Taming the Automobile
Early Regulation of Motor Vehicles in America, 1895–1903
by Kerry Segrave
Author Kerry Segrave (b. 1944) is a veritable writing machine having written and had published 48 books to date of which this Taming the Automobile is number 47. With this publisher, McFarland, he has released at least two different titles each year.
The most recent versions of Segrave’s biography describe him as a cultural historian. But an earlier version gave a bit more insight calling him a “veteran entertainment-media researcher” and pointed to some of his earliest titles such as Drive-In Theaters in 1992, then the 1994 Payola in the Music Industry, the 1997 American Films Abroad, and the following year American Television Abroad, with another, as the century closed, titled Movies at Home.
Close inspection of the bibliographies of his various books indicates that these days Segrave conducts the bulk of—if not all—his research online, accessing various sites such as the “Chronicling America” database of the Library of Congress, newspapers.com and newspaperarchives.com where one can search digitized publications of all sorts. In turn, that enables him to also broaden and further expand the subjects he explores in those nearing 50 titles. You can see all of Segrave’s titles to date on his publisher’s website.
Where the majority of automotive histories dealing with the earliest days point out the rapidity of technological advances and, concomitantly, ever-increasing distribution and sales, Segrave presents an opposite point of view. His focus is on the push-pull between the auto lobby and local and regional lawmakers in those very earliest years.
Then too, reading details Segrave shares also points up what seems to be a very human trait: a general resistance to change, any and all change. That is brought home in what is provided in the three appendices. The first is 18 pages of “Selected Laws, 1902–1903” first on a Federal level and then by specific locations. The second, titled “Some Leading Automotive Suits,” might have more clearly been worded lawsuits. And the third appendix is a truly sobering chart of “Deaths in U.S. by Year,” those years being 1899–2022.

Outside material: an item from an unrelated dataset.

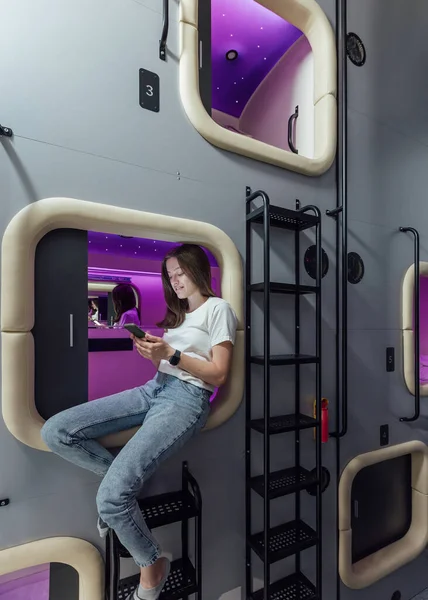 Woman in capsule space hotel sitting with gadget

Oft cited in this book and many others is The Horseless Age: The Automobile Trade Magazine published from 1895 to 1918. As all 44 volumes have now been digitized anyone can search its pages or, if so inclined, simply peruse for the pleasure of traveling back in time online at HathiTrust.org and other sources. Segrave refers to it often such as with this: “On October 1, 1902, Horseless Age published a list of automobile clubs both in the United States and in Europe. The American listings totaled 56 organizations.” A few pages later there’s “Horseless Age commented on speed limits that were implemented in France in the summer of 1898.”
In fact, Horseless Age is referred to with such frequency that it warranted its own listing in the Index for, as with most all McFarland-published books, there is a quite thorough Index as well as Bibliography and Chapter End Notes. Well-printed on archival paper and equally well-bound, these books are meant to last and be referred to themselves with frequency whether in printed and bound version or purchased as an ebook.
Segrave’s inquiries turned up a plethora of information regarding that aforementioned push-pull between automobilists and society in general especially regarding what constituted speeding and how it could or should be regulated. Thus he devotes three chapters to the topic, followed by one discussing “Accidents, Deaths, Insurance” with the concluding 60 pages discussing “Laws, Rules, and Regulations.” As page after page confirms, integrating the automobile into society wasn’t easy or smooth. Emotions ran high on both sides which, in turn, gave period reporters and publications much to write about and for Kerry Segrave to subsequently discover and fill the pages of his 47th book over a century later.